De outra forma
De outra forma
Pensei nela ontem. Foi o entardecer. Trouxe um instantâneo de momentos felizes. Não, não teria dado certo, embora seja impossível afirmar cem por cento. Tampouco deixou saudade, mas sei que isso é uma fraude. Dessas que a gente conta nas tardes de frio, quando, num átimo de segundo, a memória conspira em retratos com moldura bem acabada. A lucidez das emoções de agora, no entanto, traduz que ela veio na hora certa. Demos um para o outro aquilo que mais necessitávamos. Amor. Depois, passou.
Me diga, o que é que foi feito para durar?
Jamais teríamos sido companheiros. Companheirismo implica em dividir o fardo. Mas, atente bem, não chegamos ao ponto de dizer: amo você, como um tabagista ama seu cachimbo.
Na minha idade, o que se almeja, sem descartar a possibilidade de estar equivocado, não significa exatamente uma companheira, mas uma complementação afetiva. Na minha idade, a mentira tem até sobrenome. Além do mais, as mulheres estão cada vez mais jovens.
Olhe ao seu redor, depois me diga se estou mentindo.
Soube de um sujeito que sacrificou o som da própria voz em nome de uma crença chamada lar. Até o dia em que ele ouviu: “você é muito bom para tomar conta dos cachorros”. Pelo suficiente que eu o conheço, soube que ainda assim permaneceu, suponho que em nome da crença. Depois, partiu. Pouco depois de terem dito pra ele: você não está à altura. Ou, você nos embaraça. Não me lembro direito. Faz tempo. Difícil atinar por onde ele anda. Corações partidos surpreendem. Sei apenas que tinha essa crença: lar.

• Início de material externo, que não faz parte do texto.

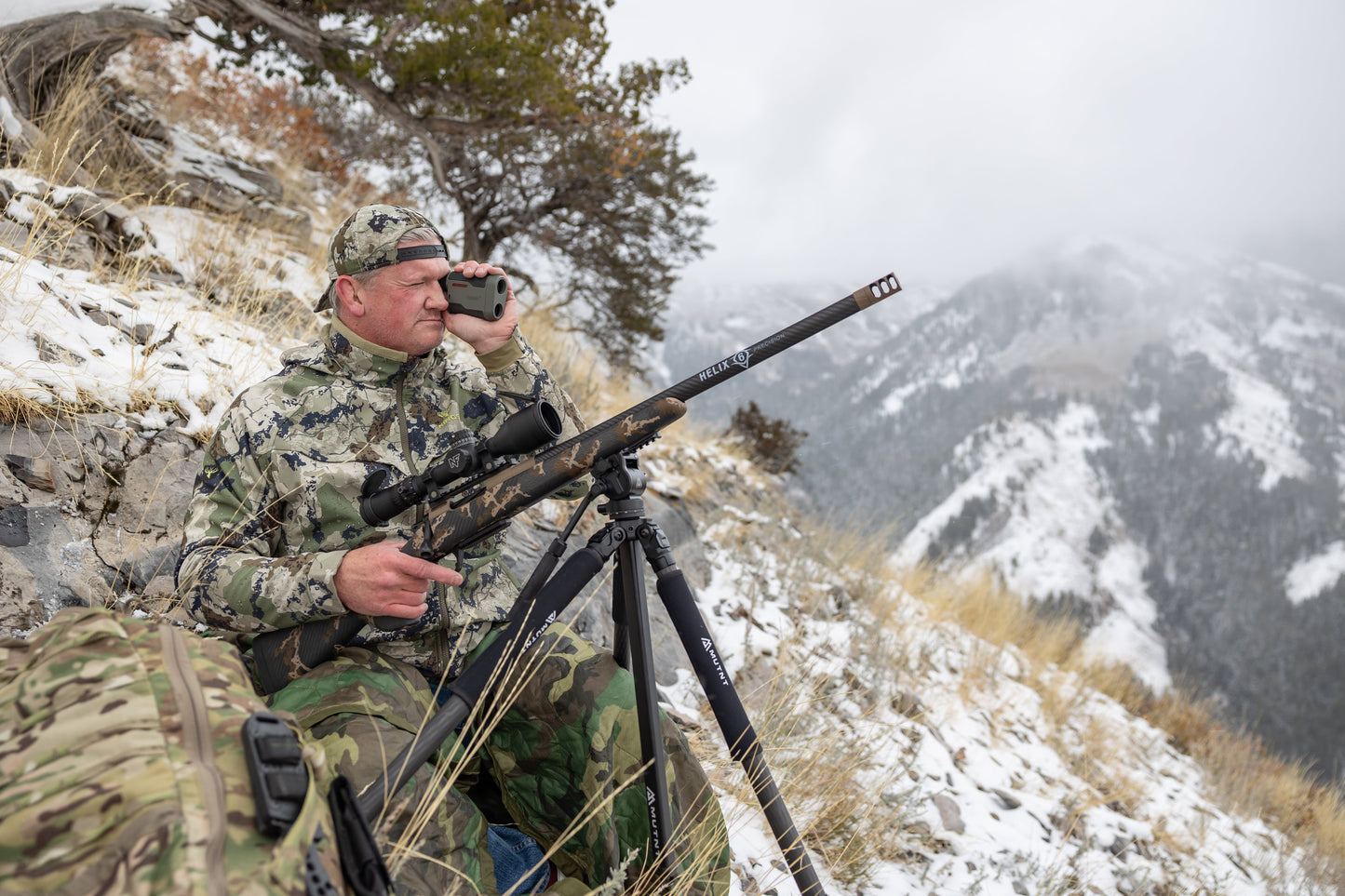 CF-69 Carbon Fiber Tripod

O quanto não se sofre por um conjunto de idéias.
O sol de outono, pouco antes de se recolher, emana raios bem específicos. É quando se precipita certa qualidade mental.
Lembro que ela gostava de ficar escondida atrás da porta, para me dar um susto. Nunca tivemos um lar. Fazíamos piqueniques nessa gigantesca cidade, gostávamos de caminhar, quase fomos à Minas e, na praia, quando chovia, líamos e comíamos, entre as coisas que um homem e uma mulher fazem, sobretudo quando se gostam.
Sem exageros, a necessidade de amor extrapola nossa compreensão. Mas, eis a questão: o que é amor?
Clara era uma amiga muito querida. Tinha olhos marotos e senso de humor. Depois de 15 anos casada com um marido exemplar, achou sobre a cama uma longa carta escrita em letra de forma, cujo resumo assim se mostra: fui. No dia seguinte se dirigiu ao banco, e a poupança conjunta para uma vida melhor também fora.
Vou te dizer uma coisa: Clara é uma guerreira. Desconheço seu paradeiro, mas com o entardecer de ontem, mais essa alma visitou minhas lembranças.
No parque, um jovem casal fazia planos.
Estamos aqui para isso, para planejar e ressurgir face a derrocada dos planos. E quando se pensa que a conta já foi pedida, sempre aparece uma surpresa alertando: onde você pensa que veio parar? Guardou algum fôlego? Pois vai precisar dele.
Sim, é verdade, já vi muitas histórias. Os encontros são alegres, confesso, confesso também que as crenças são vorazes, e que o equipamento claudica, sendo em dado instante imperativo acreditar nalguma coisa.
Crenças. Por um prato de afeto aceita-se até... tsk, aceita-se até o que, depois de um tempo, fica considerado como inaceitável.
Peritos no assunto dizem que isto está relacionado com auto-estima. Peritos noutros assuntos avisam sobre o poder do auto-engano. Peritos sei lá de que apregoam a auto-suficiência.
Mas eu lhe pergunto: o computador que você está usando tem um fio que vai até a tomada? Eletricidade. Pagamos a conta em dia, mesmo sem saber o que é. Mesmo sem saber o que é, necessitamos. Onde pretendo chegar? Que a auto-suficiência é relativa. A abelha não faz o mel sem as flores, e as flores não polinizam sem a ajuda de terceiros.
Precisamos uns dos outros.
Não fosse uma grande amiga, e meu nome jamais teria saído na primeira página de um jornal. Não fossem minhas repetidas ameaças de que um dia bateria em sua porta, pedindo um prato de comida, e ela não rezaria fervorosamente todas as noites, clamando aos céus para que isso não aconteça. Graças a ela, meu santo nome foi espalhado noutras paragens, e, graças a mim, a fé dela foi triplicada.
Mas claro que, na minha idade, já ouvi muitas histórias, embora tenha entendido errado boa parte delas. Que importa?
Sei que, com relação as minhas histórias, se me perguntar se eu teria feito diferente, lhe responderia: não sei. Mas teria tentado ser honesto comigo mesmo, ainda que de outra forma.